Your goal
Using the listing below, extract each line that has the word "Transit" in it.

Dataset records

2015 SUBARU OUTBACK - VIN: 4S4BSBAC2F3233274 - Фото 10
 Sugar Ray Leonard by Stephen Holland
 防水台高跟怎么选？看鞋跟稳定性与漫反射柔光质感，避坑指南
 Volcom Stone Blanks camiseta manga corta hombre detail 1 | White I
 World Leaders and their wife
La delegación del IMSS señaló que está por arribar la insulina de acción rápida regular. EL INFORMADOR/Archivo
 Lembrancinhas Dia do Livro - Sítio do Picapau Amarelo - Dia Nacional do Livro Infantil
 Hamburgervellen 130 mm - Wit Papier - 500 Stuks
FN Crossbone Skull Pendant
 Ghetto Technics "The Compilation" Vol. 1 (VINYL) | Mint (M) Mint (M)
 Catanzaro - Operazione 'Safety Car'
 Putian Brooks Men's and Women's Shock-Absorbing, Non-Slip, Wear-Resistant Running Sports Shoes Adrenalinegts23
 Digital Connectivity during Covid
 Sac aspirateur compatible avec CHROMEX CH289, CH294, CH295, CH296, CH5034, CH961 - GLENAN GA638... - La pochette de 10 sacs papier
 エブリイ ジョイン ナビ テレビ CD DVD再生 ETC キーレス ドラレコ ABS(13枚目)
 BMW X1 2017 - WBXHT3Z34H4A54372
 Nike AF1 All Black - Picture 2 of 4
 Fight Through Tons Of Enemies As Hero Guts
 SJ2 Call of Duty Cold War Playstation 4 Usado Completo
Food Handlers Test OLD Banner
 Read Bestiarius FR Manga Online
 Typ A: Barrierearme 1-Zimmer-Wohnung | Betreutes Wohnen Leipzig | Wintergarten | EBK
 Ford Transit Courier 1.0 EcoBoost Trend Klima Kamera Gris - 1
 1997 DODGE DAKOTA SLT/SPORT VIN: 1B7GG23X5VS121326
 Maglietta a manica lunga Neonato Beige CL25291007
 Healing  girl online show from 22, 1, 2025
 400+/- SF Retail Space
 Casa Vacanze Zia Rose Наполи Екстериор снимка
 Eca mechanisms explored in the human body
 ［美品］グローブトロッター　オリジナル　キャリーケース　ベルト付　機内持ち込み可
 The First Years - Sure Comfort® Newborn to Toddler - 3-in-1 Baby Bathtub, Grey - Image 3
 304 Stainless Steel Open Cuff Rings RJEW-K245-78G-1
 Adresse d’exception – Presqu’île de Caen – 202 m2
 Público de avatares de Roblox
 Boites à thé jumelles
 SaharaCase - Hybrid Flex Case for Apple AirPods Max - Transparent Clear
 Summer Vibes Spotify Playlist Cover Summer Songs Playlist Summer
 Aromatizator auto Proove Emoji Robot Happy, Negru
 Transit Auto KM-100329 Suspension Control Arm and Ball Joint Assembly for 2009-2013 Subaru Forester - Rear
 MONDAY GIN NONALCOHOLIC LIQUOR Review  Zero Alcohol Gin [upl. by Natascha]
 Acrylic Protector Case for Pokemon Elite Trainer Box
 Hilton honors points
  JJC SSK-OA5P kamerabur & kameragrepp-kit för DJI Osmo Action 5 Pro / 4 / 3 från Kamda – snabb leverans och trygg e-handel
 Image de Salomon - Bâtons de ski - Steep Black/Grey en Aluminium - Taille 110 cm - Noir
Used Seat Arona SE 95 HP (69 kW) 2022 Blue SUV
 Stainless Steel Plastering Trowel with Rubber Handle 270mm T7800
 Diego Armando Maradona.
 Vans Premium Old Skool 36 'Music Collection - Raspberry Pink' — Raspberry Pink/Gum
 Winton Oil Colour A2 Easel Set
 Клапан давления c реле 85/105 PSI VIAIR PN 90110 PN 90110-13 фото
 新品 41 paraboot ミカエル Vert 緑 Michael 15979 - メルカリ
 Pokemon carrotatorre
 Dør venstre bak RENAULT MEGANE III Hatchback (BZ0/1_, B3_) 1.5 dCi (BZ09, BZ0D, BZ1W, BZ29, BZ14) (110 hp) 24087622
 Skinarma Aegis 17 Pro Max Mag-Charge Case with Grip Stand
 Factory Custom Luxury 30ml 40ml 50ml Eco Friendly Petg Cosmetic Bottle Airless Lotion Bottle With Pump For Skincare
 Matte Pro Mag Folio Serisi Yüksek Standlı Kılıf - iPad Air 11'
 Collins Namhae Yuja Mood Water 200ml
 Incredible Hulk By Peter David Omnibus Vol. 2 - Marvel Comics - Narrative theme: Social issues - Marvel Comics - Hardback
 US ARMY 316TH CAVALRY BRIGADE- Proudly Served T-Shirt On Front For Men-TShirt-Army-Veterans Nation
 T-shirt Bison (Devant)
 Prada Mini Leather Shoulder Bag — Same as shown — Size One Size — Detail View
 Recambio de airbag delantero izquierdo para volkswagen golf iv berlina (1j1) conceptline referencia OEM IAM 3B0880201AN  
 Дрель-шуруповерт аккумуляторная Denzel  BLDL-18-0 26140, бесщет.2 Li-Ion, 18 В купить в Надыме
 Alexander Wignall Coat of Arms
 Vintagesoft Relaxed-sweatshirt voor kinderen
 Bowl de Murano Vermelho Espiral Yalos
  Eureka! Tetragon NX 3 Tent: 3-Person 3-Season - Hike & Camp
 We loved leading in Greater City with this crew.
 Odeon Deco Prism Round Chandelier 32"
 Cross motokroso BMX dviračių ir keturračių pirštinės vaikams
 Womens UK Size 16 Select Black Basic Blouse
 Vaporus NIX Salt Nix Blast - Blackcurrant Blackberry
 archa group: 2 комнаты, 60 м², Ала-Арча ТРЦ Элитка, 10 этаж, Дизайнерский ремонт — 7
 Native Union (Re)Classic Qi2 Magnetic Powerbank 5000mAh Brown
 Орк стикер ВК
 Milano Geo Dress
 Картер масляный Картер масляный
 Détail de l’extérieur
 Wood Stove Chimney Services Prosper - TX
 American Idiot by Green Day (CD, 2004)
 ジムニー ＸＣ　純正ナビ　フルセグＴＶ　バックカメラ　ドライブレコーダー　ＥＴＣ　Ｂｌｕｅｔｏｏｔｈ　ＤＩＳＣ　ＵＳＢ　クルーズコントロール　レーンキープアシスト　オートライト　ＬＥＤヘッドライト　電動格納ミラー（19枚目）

Answer section
 Ford Transit Courier 1.0 EcoBoost Trend Klima Kamera Gris - 1
 Transit Auto KM-100329 Suspension Control Arm and Ball Joint Assembly for 2009-2013 Subaru Forester - Rear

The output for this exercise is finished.